Olaide Taiwo, 35, hijacked the identities while working as a security guard for a number of large national companies.
He then used the names to claim tens of thousands in working tax credits.
This week he was jailed for eight and a half years – the highest ever sentence for tax credit fraud.
Taiwo is understood to have arrived illegally in Britain in 2003 with his wife. Although three applications to stay in the UK failed, in 2005 he was granted discretionary leave to remain.
It was during this period that his scam began. The father-of-two submitted more than 300 fraudulent tax credit claims between June 2004 and July 2008 worth over £1million.
When he was arrested, investigators found an ‘identity thieves’ paradise’, with stacks of fake passports and driving licences and £70,000 in cash lying around his council flat in Camberwell, South-East London.
The property was littered with paperwork detailing the names, addresses and national insurance numbers of hundreds of people which he had taken from employee payroll records at dozens of companies around London where he had worked as a security guard.
They also found templates for making false passports, birth certificates, NHS cards and driving licences.
Taiwo used the identities to open hundreds of bank accounts for the benefits to be paid into, but HM Revenue & Customs became suspicious about the multiple tax credit applications and arrested him in July 2008.
They believe he was the ringleader of an organised criminal network which included his sister-in-law who worked for a job centre.
But the rest of the gang are thought to have fled to Nigeria. Taiwo also tried to leave the country but he was arrested again on August 6 last year.
He was found guilty at Inner London Crown Court of fraudulently obtaining payments of tax credits, by using the names and addresses of individuals without their consent and acquiring criminal property.
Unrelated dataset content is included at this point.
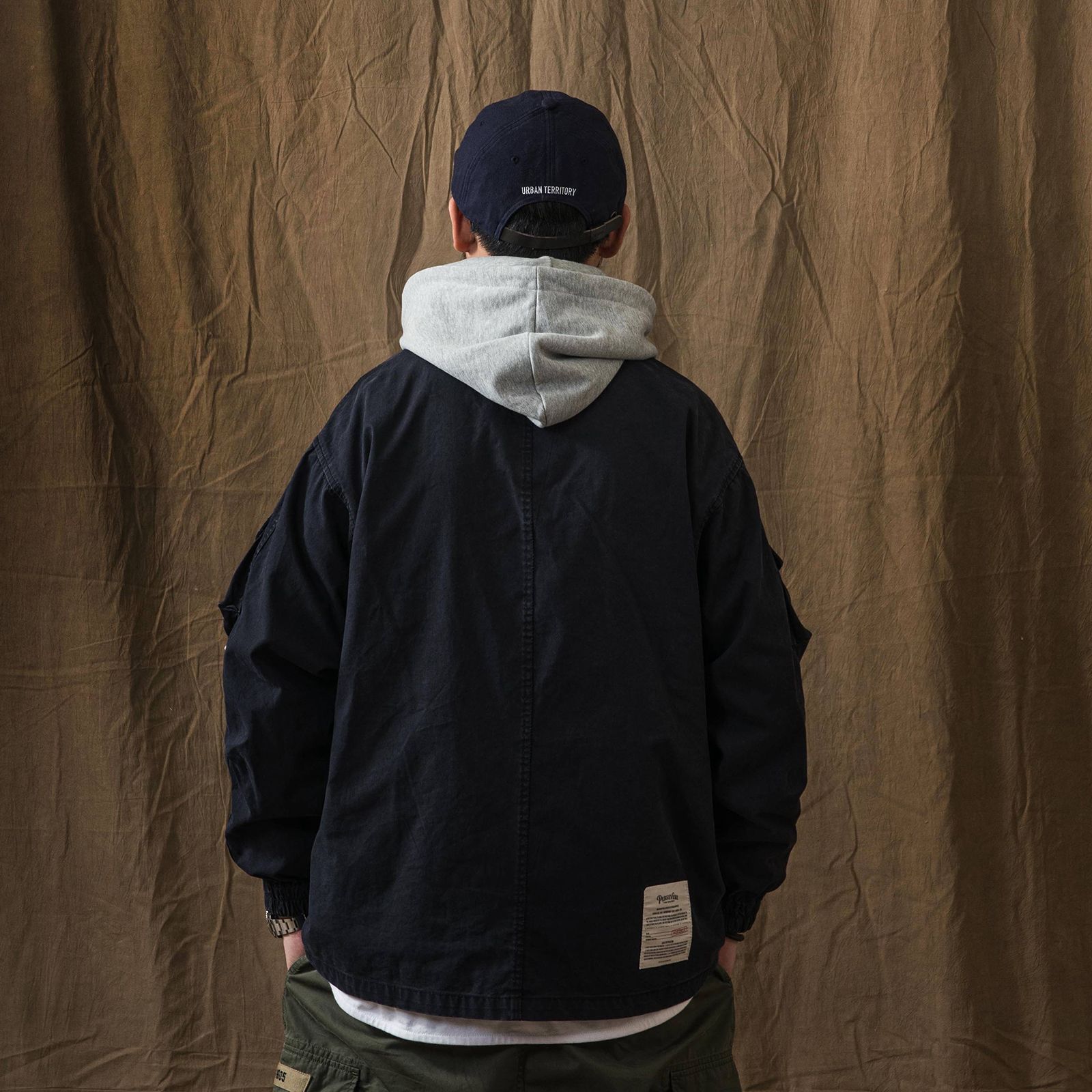 【ラスト1点 M 】stonewashed multi-pocket field jacket / ダークブルー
Sentencing him, Judge Simon Davis ordered that he be deported at the end of his eight and a half year sentence.
He said: ‘This is a fraud on a substantial scale.
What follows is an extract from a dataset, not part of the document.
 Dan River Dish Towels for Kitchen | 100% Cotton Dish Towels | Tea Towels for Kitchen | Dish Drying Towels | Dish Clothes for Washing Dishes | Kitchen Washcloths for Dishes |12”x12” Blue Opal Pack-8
‘You lied and sought to manipulate with ease and confidence and with an arrogance that was astonishing.
‘You were intimately connected with every aspect of the fraud, stealing real details of real people to commit identity fraud on the large scale.’
Another member of the gang, Taiwo’s sister-in-law Olajumoke Ademuyiwa, 42, a Jobcentre Plus employee, was also found guilty of fraudulently obtaining tax credit payments in an earlier hearing.
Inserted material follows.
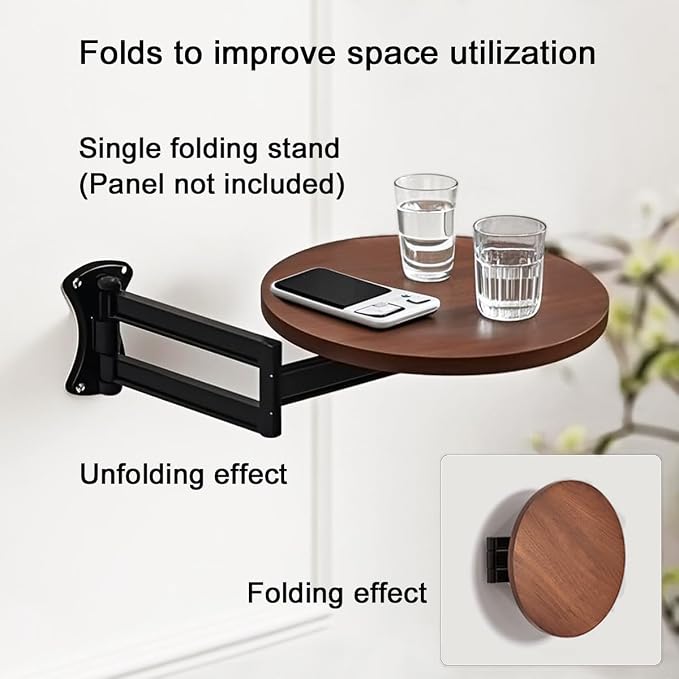 Floating Nightstand Rotatable Brackets,Small Round Side Tabl Folding Brackets,Mini Coffee Table Extensible Hinges,Bathtub Side Table Bracket,Suitable for DIY As Sofa Side Table,Over Bed Table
Ademuyiwa opened the bank accounts into which the benefits were paid, but she is not thought to have used her role as a job centre worker to make false claims.
Her husband, Oluyemi Amidu Taiwo – Taiwo’s brother – is thought to have fled the country. She is due to be sentenced in April.
Richard Young, senior investigating officer for HMRC said: ‘This pair blatantly hijacked the identities of over 350 innocent people and stole from British taxpayers by submitting over 300 fraudulent tax credit claims between June 2004 and July 2008.
‘They deliberately attacked and abused a system designed to provide financial help to the most vulnerable people in our society.’